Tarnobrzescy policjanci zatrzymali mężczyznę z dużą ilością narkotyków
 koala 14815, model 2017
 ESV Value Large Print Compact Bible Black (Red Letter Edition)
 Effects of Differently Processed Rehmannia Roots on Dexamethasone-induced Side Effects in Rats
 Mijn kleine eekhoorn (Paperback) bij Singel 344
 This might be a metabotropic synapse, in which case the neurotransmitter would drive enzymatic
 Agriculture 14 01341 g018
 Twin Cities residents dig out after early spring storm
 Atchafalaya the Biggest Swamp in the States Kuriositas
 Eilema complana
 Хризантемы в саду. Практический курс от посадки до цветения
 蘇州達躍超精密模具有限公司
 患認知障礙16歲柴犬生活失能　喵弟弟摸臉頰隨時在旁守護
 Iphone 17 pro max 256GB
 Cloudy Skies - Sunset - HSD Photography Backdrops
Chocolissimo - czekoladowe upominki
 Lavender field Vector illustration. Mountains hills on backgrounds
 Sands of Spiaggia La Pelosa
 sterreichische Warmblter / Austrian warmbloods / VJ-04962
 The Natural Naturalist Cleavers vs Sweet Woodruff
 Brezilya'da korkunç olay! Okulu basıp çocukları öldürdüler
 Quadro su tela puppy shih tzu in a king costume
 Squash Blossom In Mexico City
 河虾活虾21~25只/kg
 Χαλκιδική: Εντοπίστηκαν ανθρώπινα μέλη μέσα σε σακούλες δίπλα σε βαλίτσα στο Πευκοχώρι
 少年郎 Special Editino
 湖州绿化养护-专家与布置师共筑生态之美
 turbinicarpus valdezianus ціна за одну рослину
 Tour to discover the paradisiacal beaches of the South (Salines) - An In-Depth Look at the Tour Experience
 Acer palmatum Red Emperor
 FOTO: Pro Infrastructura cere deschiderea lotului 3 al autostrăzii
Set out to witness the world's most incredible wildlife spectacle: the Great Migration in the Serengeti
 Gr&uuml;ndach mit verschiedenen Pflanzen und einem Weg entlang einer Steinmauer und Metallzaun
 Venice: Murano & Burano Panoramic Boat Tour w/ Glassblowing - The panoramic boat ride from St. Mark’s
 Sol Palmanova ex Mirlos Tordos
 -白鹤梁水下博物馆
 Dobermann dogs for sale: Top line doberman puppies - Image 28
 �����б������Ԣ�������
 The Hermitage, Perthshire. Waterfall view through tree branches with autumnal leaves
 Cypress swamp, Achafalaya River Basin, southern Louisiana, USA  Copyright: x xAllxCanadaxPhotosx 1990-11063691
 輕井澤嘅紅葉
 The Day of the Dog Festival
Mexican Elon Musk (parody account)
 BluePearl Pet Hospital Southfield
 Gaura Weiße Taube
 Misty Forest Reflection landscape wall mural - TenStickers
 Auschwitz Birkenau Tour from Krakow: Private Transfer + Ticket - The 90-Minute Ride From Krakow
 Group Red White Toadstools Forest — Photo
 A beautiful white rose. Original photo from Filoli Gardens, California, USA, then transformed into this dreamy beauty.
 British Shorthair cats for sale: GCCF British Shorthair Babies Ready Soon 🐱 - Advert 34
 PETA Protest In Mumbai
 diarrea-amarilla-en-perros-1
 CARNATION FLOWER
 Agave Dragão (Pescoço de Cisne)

**********

[The problem] Output all of the material exactly.

[Solution]
Tarnobrzescy policjanci zatrzymali mężczyznę z dużą ilością narkotyków
 koala 14815, model 2017
 ESV Value Large Print Compact Bible Black (Red Letter Edition)
 Effects of Differently Processed Rehmannia Roots on Dexamethasone-induced Side Effects in Rats
 Mijn kleine eekhoorn (Paperback) bij Singel 344
 This might be a metabotropic synapse, in which case the neurotransmitter would drive enzymatic
 Agriculture 14 01341 g018
 Twin Cities residents dig out after early spring storm
 Atchafalaya the Biggest Swamp in the States Kuriositas
 Eilema complana
 Хризантемы в саду. Практический курс от посадки до цветения
 蘇州達躍超精密模具有限公司
 患認知障礙16歲柴犬生活失能　喵弟弟摸臉頰隨時在旁守護
 Iphone 17 pro max 256GB
 Cloudy Skies - Sunset - HSD Photography Backdrops
Chocolissimo - czekoladowe upominki
 Lavender field Vector illustration. Mountains hills on backgrounds
 Sands of Spiaggia La Pelosa
 sterreichische Warmblter / Austrian warmbloods / VJ-04962
 The Natural Naturalist Cleavers vs Sweet Woodruff
 Brezilya'da korkunç olay! Okulu basıp çocukları öldürdüler
 Quadro su tela puppy shih tzu in a king costume
 Squash Blossom In Mexico City
 河虾活虾21~25只/kg
 Χαλκιδική: Εντοπίστηκαν ανθρώπινα μέλη μέσα σε σακούλες δίπλα σε βαλίτσα στο Πευκοχώρι
 少年郎 Special Editino
 湖州绿化养护-专家与布置师共筑生态之美
 turbinicarpus valdezianus ціна за одну рослину
 Tour to discover the paradisiacal beaches of the South (Salines) - An In-Depth Look at the Tour Experience
 Acer palmatum Red Emperor
 FOTO: Pro Infrastructura cere deschiderea lotului 3 al autostrăzii
Set out to witness the world's most incredible wildlife spectacle: the Great Migration in the Serengeti
 Gr&uuml;ndach mit verschiedenen Pflanzen und einem Weg entlang einer Steinmauer und Metallzaun
 Venice: Murano & Burano Panoramic Boat Tour w/ Glassblowing - The panoramic boat ride from St. Mark’s
 Sol Palmanova ex Mirlos Tordos
 -白鹤梁水下博物馆
 Dobermann dogs for sale: Top line doberman puppies - Image 28
 �����б������Ԣ�������
 The Hermitage, Perthshire. Waterfall view through tree branches with autumnal leaves
 Cypress swamp, Achafalaya River Basin, southern Louisiana, USA  Copyright: x xAllxCanadaxPhotosx 1990-11063691
 輕井澤嘅紅葉
 The Day of the Dog Festival
Mexican Elon Musk (parody account)
 BluePearl Pet Hospital Southfield
 Gaura Weiße Taube
 Misty Forest Reflection landscape wall mural - TenStickers
 Auschwitz Birkenau Tour from Krakow: Private Transfer + Ticket - The 90-Minute Ride From Krakow
 Group Red White Toadstools Forest — Photo
 A beautiful white rose. Original photo from Filoli Gardens, California, USA, then transformed into this dreamy beauty.
 British Shorthair cats for sale: GCCF British Shorthair Babies Ready Soon 🐱 - Advert 34
 PETA Protest In Mumbai
 diarrea-amarilla-en-perros-1
 CARNATION FLOWER
 Agave Dragão (Pescoço de Cisne)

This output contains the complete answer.